2) Is DESeq2 correcting for differences between sample pairs before dispersion estimation? I assumed the global dispersion estimates (the global dependence of dispersion on mean for the entire experiment) would be the same regardless of design formula, and the SampleID factor would be used to calculate effect size and significance. But clearly the design formula is having a substantial impact on global dispersion estimates. Any resource that I could read to help me understand why this is the case would be greatly appreciated.
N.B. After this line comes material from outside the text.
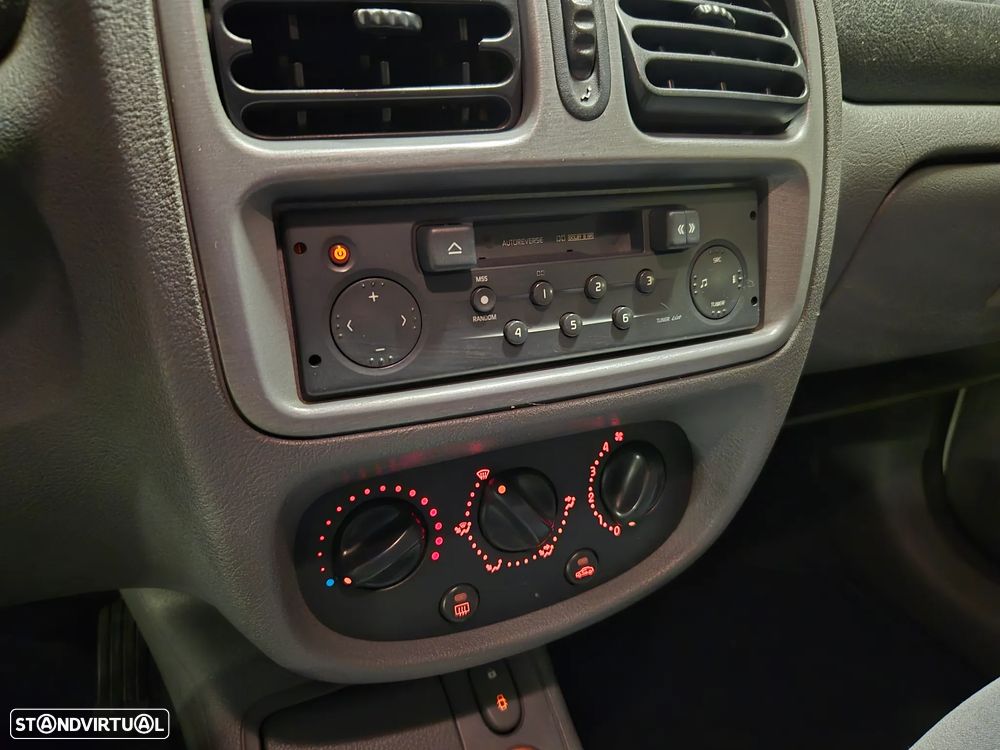 Renault Clio 1.2 RXE - 17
3) Am I wrong to interpret the 2F sample pairing model as under-performing here? As the main goal of this analysis is to identify DEGs between sorted and unsorted samples (mostly reflected in PC1 axis), it seems to me that the 1F model is more appropriate based on the p value histograms. It also yields significantly more DEGs. But is it possible that this 1F model is actually underestimating the dispersion and overestimating the significance in comparison to the 2F model?

4) In other datasets with more replicate pairs, I have seen that the sample pairing factor has helped some analyses. Is the presumed penalty in this case due to the low number of replicates? I am wondering if there is some analytical way to determine which data sets will be better suited to which model. It isn't very time consuming to run these analyses, but running all possible models and using the one that yields the most DEGs doesn't seem right.

Thanks for your help and input!

deseq2 • 691 views

ADD COMMENT • link updated 5.8 years ago by Michael Love 43k • written 5.8 years ago by SeqGoblin3 • 0

score 0 · Answer 1 · 2020-01-06

Just a quick note, for the p-value histograms, the spikes are just from low count genes, remove these first before performing QC on the p-value histogram.

"This becomes quite dramatic in the adjusted p values histogram" => the adjusted p-value distribution is not expected to be uniform.

Adding in the sample ID is helpful for the paired samples, but then when you also include WT, you really take a hit in the number of degrees of freedom, because you now have a coefficient for each WT sample, so those WT samples are no longer helping you estimate the dispersion. You then have 9 samples, but 7 coefficients to estimate, so still only 2 degrees of freedom.

I'd recommend, for comparing the sorted vs unsorted while controlling for sample, to just use the 6 samples that are involved, and ~sample + fraction as the design.

DESeq2 uses the design to estimate the dispersion, see the 2014 paper for details.

It's possible that the one factor model, making use of the WT samples as well, outperforms the two factor model, but I'm not sure it's a fair comparison because you're really interested in the sorted vs unsorted for mutant, right? Did you compare 1F and 2F on the mutant samples alone?